Stephanie Smith and Edward Stewart - the pair have worked together since 1993 under the Smith/Stewart brand - are known for their exploration of the divisions between public and private space, and this time have literally divided the rooms of Inverleith House, installing interlocking black beams at head height.
On the ground floor, the first room is split by an off-kilter cross, echoed in the second. Upstairs, the dissection of space becomes more complex with interlocking lines slicing rooms into uneven quarters.
Described like this, Enter Love And Enter Death might sound like good old minimalist sculpture, but its form is, perhaps, less significant than the effect it has on its audience.
That effect is a powerful one, of heightened awareness - the beams are set at eye level, and have the look of metal girders (though they are made of painted wood), and so present a very real threat, forcing careful, tentative movements, and a good deal of cautious peering over and under the beams to plot a course through them. The result is a feeling close to claustrophobia, even though the spaces between the beams are wide, or a nervous, grown-up reversal of the abandon with which children attack a climbing frame.
This exaggerated sense of ones surroundings also applies to everything that Smith/Stewart have not installed. Inverleith House is perhaps Scotland’s most pleasing gallery, with its airy rooms, and the green light of the Botanic Gardens creeping through the windows, but at most shows, the art overwhelms the interior - with Smith/Stewart’s joists in place, every detail of the rooms is thrown into sharp focus, and views are admired with fresh eyes when it is hard to reach them. In the last room on the upper floor of the gallery, the ghosts of past installations remain - a wall-drawing by Robert Ryman, text left over from Douglas Gordon’s Superhumanatural exhibition - and Smith/Stewart’s beams grant them a fresh context, simultaneously obscuring and framing works that, to regular visitors at least, have long since faded into the background, forcing another fresh look. At the exit, Smith/Stewart even introduce a note of humour, with a final beam placed so close to the door that leaving the work is a struggle bordering on the slapstick.
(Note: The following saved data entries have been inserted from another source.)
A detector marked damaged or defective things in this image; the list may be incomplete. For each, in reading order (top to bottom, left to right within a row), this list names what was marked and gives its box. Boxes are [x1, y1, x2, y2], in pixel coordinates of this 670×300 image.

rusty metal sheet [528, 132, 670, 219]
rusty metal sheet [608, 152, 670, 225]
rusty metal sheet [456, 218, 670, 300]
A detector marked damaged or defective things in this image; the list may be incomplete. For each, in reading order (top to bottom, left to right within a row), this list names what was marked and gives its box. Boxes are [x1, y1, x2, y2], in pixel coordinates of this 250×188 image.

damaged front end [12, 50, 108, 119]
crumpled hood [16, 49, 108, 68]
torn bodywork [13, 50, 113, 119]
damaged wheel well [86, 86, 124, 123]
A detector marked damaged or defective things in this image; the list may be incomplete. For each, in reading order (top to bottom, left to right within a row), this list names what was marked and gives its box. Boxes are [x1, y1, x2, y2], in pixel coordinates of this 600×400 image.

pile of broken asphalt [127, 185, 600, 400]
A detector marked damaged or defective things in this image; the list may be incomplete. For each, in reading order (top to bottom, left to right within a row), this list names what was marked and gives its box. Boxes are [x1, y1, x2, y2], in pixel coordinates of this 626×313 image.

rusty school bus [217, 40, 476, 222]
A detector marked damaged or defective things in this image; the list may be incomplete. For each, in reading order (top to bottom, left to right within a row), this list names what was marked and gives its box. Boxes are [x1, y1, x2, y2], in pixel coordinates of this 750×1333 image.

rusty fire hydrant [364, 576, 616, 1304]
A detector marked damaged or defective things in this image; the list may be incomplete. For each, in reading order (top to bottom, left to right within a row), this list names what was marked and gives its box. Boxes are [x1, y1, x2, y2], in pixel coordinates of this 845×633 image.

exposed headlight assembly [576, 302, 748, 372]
Smith/Stewart are perhaps best known for their earlier work, pitched somewhere between performance and video, which was concerned with the body at an intimate level, often with a violent edge (the duo have described their work, menacingly, as being about ‘the things that people are capable of doing to one another’). The pair have filmed themselves desperately trying to breathe with plastic bags over their heads, for example, and made distinctly disquieting video works with cameras housed inside their mouths, looking out.
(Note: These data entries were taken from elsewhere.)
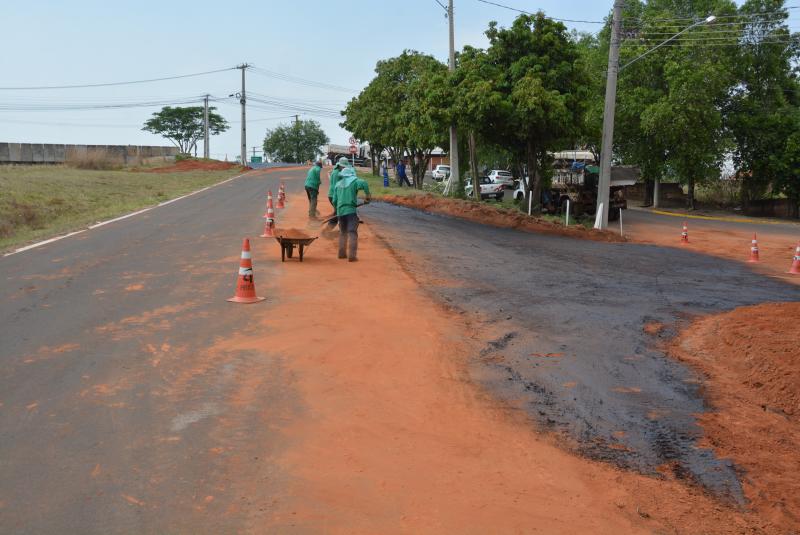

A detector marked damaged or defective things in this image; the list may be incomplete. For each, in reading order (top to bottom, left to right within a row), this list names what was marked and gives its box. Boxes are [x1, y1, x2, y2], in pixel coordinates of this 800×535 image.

fresh black asphalt patch [364, 202, 800, 506]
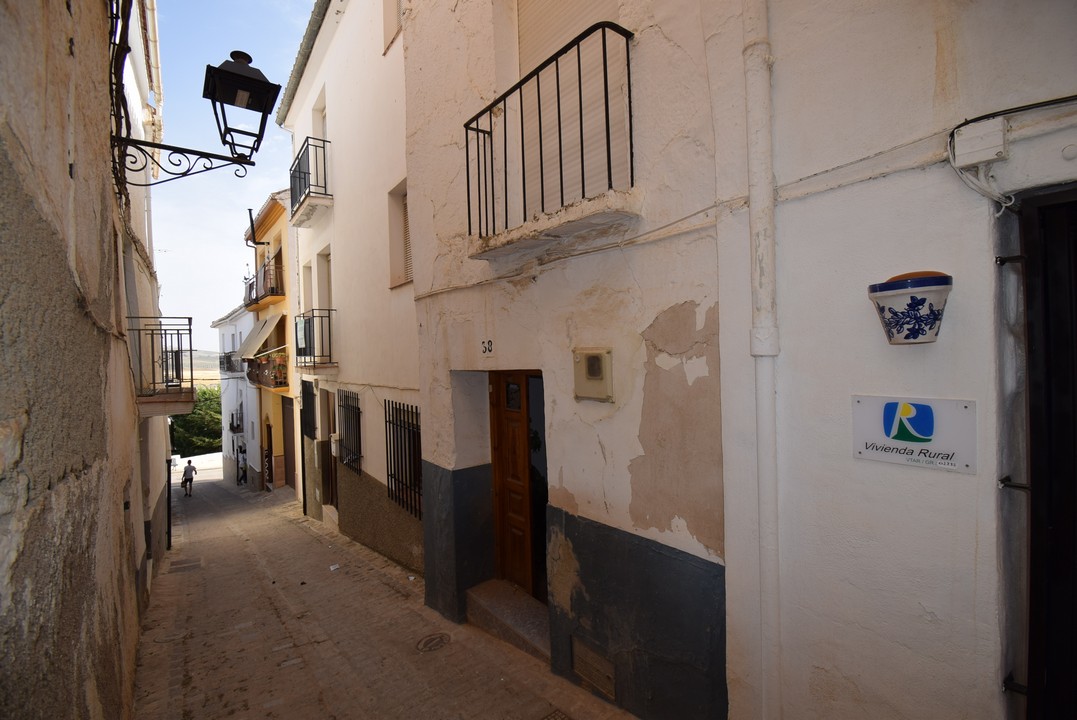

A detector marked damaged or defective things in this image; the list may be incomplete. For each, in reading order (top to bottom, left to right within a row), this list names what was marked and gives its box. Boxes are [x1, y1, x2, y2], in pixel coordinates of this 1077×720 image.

peeling plaster wall [0, 2, 149, 714]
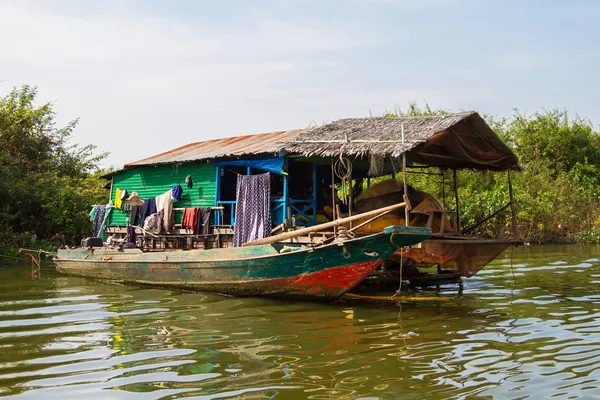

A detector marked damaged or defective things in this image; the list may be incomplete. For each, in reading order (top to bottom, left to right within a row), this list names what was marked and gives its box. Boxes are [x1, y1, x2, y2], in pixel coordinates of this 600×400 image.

rusty corrugated metal roof [126, 128, 304, 166]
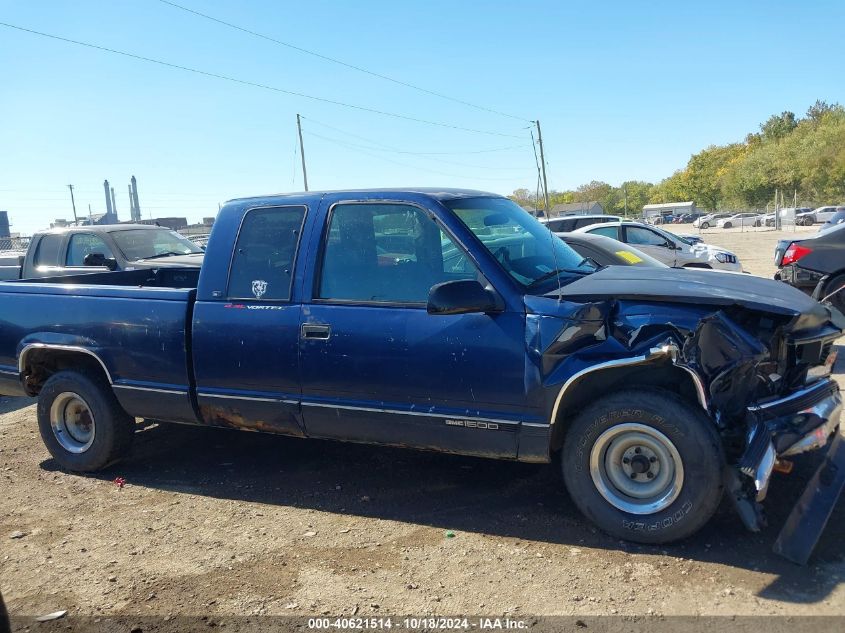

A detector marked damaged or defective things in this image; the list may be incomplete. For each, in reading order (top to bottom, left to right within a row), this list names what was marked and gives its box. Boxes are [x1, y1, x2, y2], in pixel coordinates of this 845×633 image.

damaged front end of truck [528, 266, 844, 564]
In the context of this past practice Enter Love And Enter Death, can be seen as a performance of sorts, as much as it is an installation or sculpture - the difference being, of course, that the artists are not the performers in this case, but choreographers, orchestrating the movements of their audience through the gallery spaces of Inverleith House, and, where once they documented events with video, Smith/Stewart here document in advance, so to speak, with their sculptural forms. Much is left to chance, of course - the duo could hardly predict the ducking and weaving of visitors with any precision - but, as one stalks the gallery alone, the sense that others must have peeped into this corner, dipped low to gain access to that area, or pulled up short to avoid a collision with a certain beam, is a strong one, with the ultimate result that an encounter with Enter Love And Enter Death begins to feel like something approaching a collaboration, with Smith and Stewart, first and foremost, and with fellow gallery-goers past and present, too.
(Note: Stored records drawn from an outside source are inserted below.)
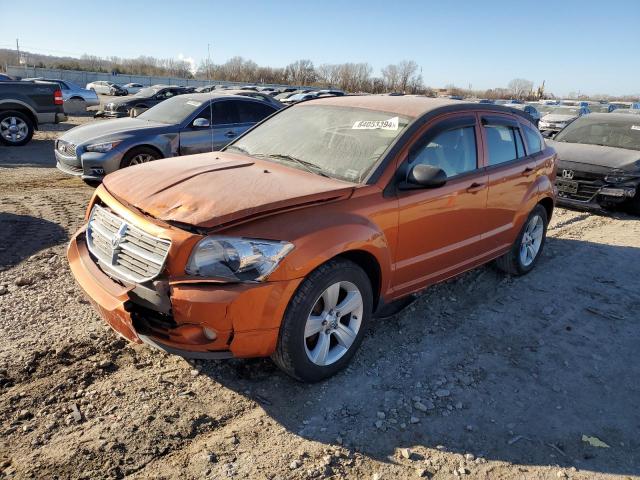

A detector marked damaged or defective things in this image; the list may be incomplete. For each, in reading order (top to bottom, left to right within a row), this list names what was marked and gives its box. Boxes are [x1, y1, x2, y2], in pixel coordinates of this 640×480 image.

crumpled hood [59, 117, 168, 145]
crumpled hood [102, 153, 358, 230]
rust on hood [102, 153, 358, 230]
crumpled hood [544, 140, 640, 172]
front bumper damage [69, 226, 304, 360]
broken headlight housing [185, 236, 296, 282]
damaged orange hatchback [66, 95, 556, 380]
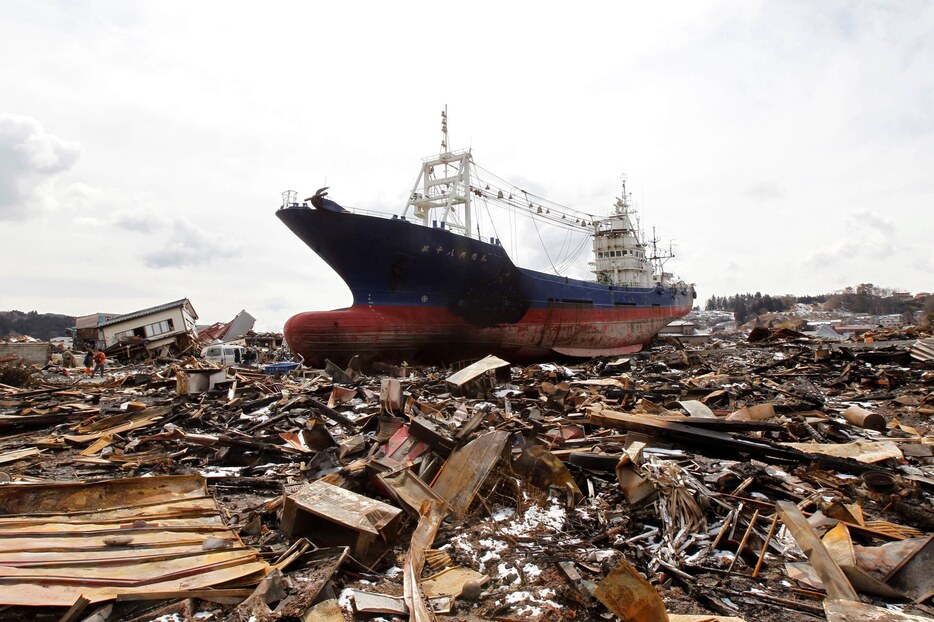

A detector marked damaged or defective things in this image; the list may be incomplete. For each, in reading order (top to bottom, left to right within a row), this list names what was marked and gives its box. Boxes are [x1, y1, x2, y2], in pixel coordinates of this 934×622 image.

Without that sense of physically interpreting the work as one moves through it, the piece would be distinctly aggressive, less a meditation on the controlled routes architects set into their buildings, or an intervention on the existing spaces of Inverleith House, more a near-violent corralling of an audience. But the idea that, albeit in some limited sense, every visitor is collaborating with the collaborating duo, lends the work a subtler tension, as if the usual mode of gallery behaviour - the presentation and consumption of art - has been transformed into a distinctly discomforting dance of control and willing submission.
This is powerful stuff, then, a work that provokes an intense physical response, one that borders on the unpleasant while also offering a genuine sense of communication between viewer and artists. That all this is achieved with the simple placement of some black beams makes Enter Love And Enter Death, which is at first sight might seem rather slight and repetitive, a remarkable piece of sculpture.